Style Dataset Lab has one unified pipeline that runs from canon definition through a frozen dataset, then loops through production briefs, critique, batch work, selection, and re-ingest. The same flow is walked narratively in End-to-End Production Loop.

 canon → generate → curate → bind → snapshot → split → export → eval
   ↑                                                              │
   │                                                              v
   │     brief ← workflow                                    training
   │       │                                                      │
   │       v                                                      v
   │     run → critique → refine                              eval-run
   │       │                                                      │
   │       v                                                      │
   │     batch → select → re-ingest ──────────────────────────────┘
   └────────────────────────────────────────────────────────────────

Each stage produces structured artifacts with IDs that link back to their predecessors. Selected outputs from the production leg return as candidate records through sdlab reingest selected — they go through the same curate + bind review as every other record, never auto-approved.

Legacy scripts

painterly (img2img style pass) and compare (A-vs-B preference capture) remain in the CLI surface but are not part of the core loop. painterly is a post-processing convenience. compare feeds DPO/ORPO pair data for preference training and is only needed when you are building preference datasets.

Repository layout

style-dataset-lab/
  bin/sdlab.js                CLI entry point (single binary)
  lib/                        Shared modules (paths, errors, logging, schemas)
  scripts/                    Per-command scripts (each exports run(argv))
  schemas/                    JSON schemas for records, snapshots, splits, manifests
  templates/                  Starter content (ships with the npm package)
    canon/                    Starter constitution.md and review-rubric.md
    inputs/prompts/           Example prompt pack (example-wave.json)
    domains/                  Five domain starters (per-domain project + config + workflows)
      game-art/
      character-design/
      creature-design/
      architecture/
      vehicle-mech/
  projects/                   Project data (repo-only, not in npm)
    star-freight/             Star Freight example (canon, records, outputs, exports)
    <your-project>/           Scaffolded with `sdlab init <name>`
  workflows/                  Reserved; see workflows/README.md
  site/                       Documentation site (Starlight)
  package.json

The npm package ships bin/, lib/, scripts/, and templates/ only. Project data stays in the repo. Each project is fully isolated — its own canon, records, and assets. All sdlab commands read from and write to projects/<name>/ based on the --project flag (default: star-freight).

Template layout

Each domain template under templates/domains/<domain>/ ships a complete starting point:

File	Purpose
`project.json`	Project metadata + generation defaults (checkpoint, LoRAs, resolution, sampler)
`constitution.json`	Machine-readable rules that canon-bind maps scores and failure modes to
`lanes.json`	Subject lane definitions (portrait, full-body, streetscape, etc.)
`rubric.json`	Scoring dimensions and approval thresholds
`terminology.json`	Group/faction labels, detection patterns, and training profiles
`workflows/profiles/*.json`	ComfyUI workflow profiles copied into the project on `sdlab init`

The shared canon markdown (templates/canon/constitution.md, templates/canon/review-rubric.md) is copied into every new project’s canon/ directory as a writable starting point.

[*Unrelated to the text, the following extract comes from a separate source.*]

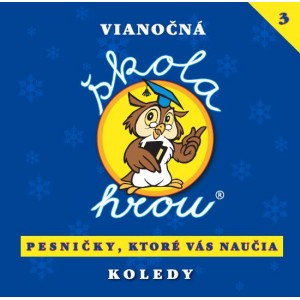 Var - Skola Hrou 3 Koledy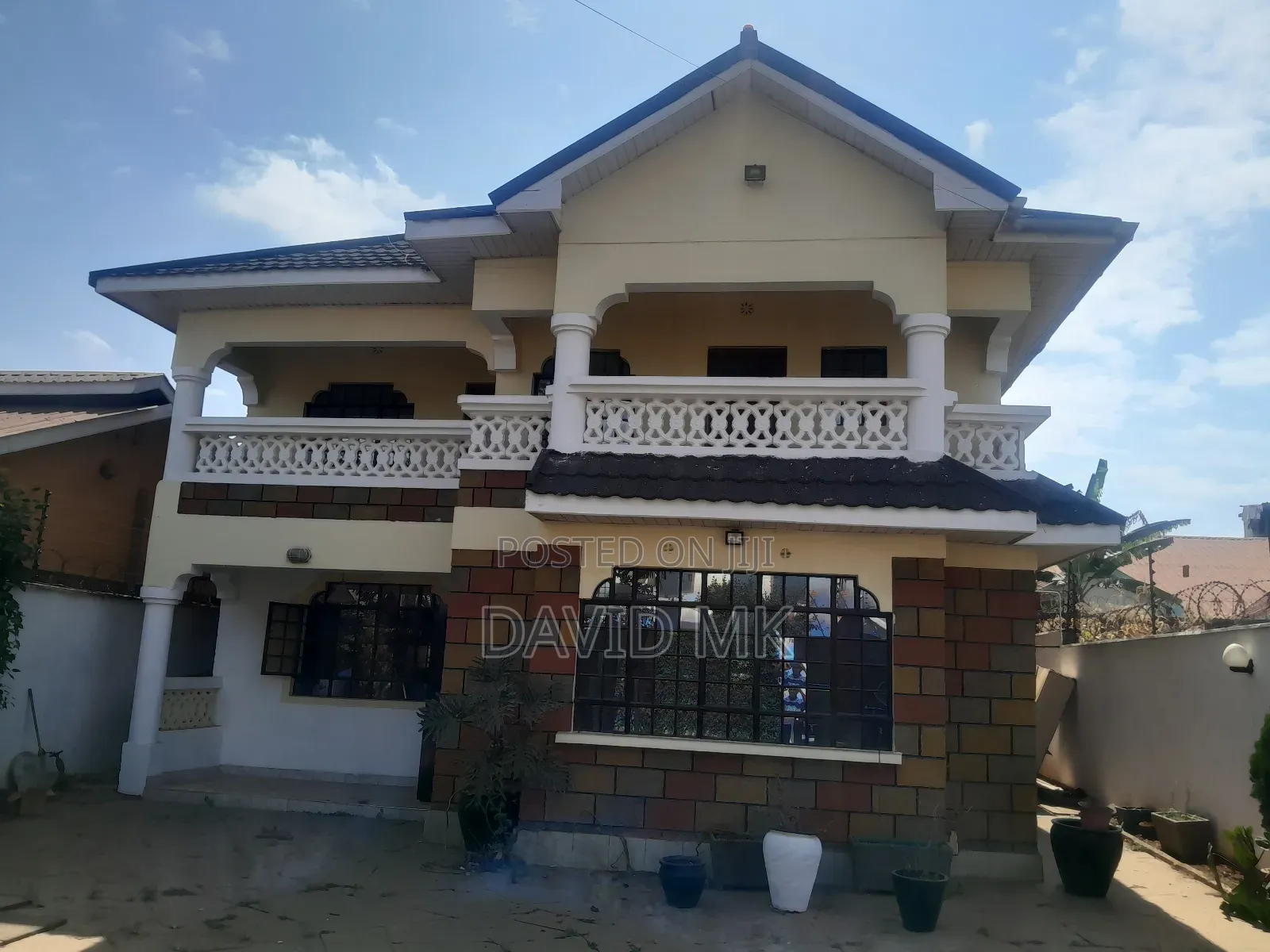 4bdrm Maisonette in Maguna Membley for rent in Membley Estate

To scaffold a new project:

sdlab init my-project --domain character-design

This creates projects/my-project/ with the full directory structure, config files pulled from the domain template, canon markdown stubs, and an example prompt pack ready to edit.

Record schema

Every asset in the dataset is represented by a JSON file in projects/<name>/records/. Records accumulate data over time as the asset moves through the pipeline.

Standard record (curated + canon-bound)

{
  "id": "wave3_compact_officer_bridge_s42",
  "asset_path": "outputs/approved/wave3_compact_officer_bridge_s42.png",
  "provenance": {
    "checkpoint": "dreamshaperXL_v21TurboDPMSDE.safetensors",
    "loras": [{ "name": "classipeintxl_v21.safetensors", "weight": 1.0 }],
    "prompt": "concept art of a Compact military officer...",
    "negative_prompt": "photorealistic, photograph...",
    "seed": 42,
    "steps": 8,
    "cfg": 2.0,
    "sampler": "dpmpp_sde",
    "scheduler": "karras",
    "width": 1024,
    "height": 1024,
    "generated_at": "2026-03-15T10:30:00.000Z"
  },
  "judgment": {
    "status": "approved",
    "reviewer": "human:mike",
    "reviewed_at": "2026-03-15T11:00:00.000Z",
    "explanation": "Clean silhouette, correct palette, good material read",
    "criteria_scores": {
      "silhouette_clarity": 0.9,
      "palette_adherence": 0.85,
      "material_fidelity": 0.8,
      "faction_read": 0.9,
      "wear_level": 0.75,
      "style_consistency": 0.85,
      "clothing_logic": 0.8,
      "composition": 0.9
    },
    "failure_modes": [],
    "improvement_notes": null,
    "confidence": 0.9
  },
  "canon": {
    "assertions": [
      { "rule": "RND-001", "verdict": "pass", "rationale": "Painterly style, visible texture" },
      { "rule": "MAT-001", "verdict": "pass", "rationale": "Surfaces read as pressed/stamped" },
      { "rule": "COL-001", "verdict": "pass", "rationale": "Steel blue dominant, charcoal secondary" }
    ]
  }
}

Identity record (named subjects)

Identity records extend the standard schema with two additional blocks:

{
  "identity": {
    "subject_name": "renna_vasik",
    "subject_type": "named_character",
    "faction": "reach",
    "role": "crew",
    "view_type": "anchor_portrait",
    "shot_type": "portrait",
    "identity_anchor": true,
    "location_name": null,
    "ship_name": null,
    "scene_function": "establish face and costume truth"
  },
  "lineage": {
    "generation_phase": "discovery",
    "anchor_source_image": null,
    "anchor_subject_version": null,
    "identity_persistence_score": null,
    "derived_from_record_id": null
  }
}

The identity block tracks who or what the image depicts. The lineage block tracks how it was generated — discovery (txt2img from scratch), anchor (promoted discovery), or follow-on (img2img derived from an anchor).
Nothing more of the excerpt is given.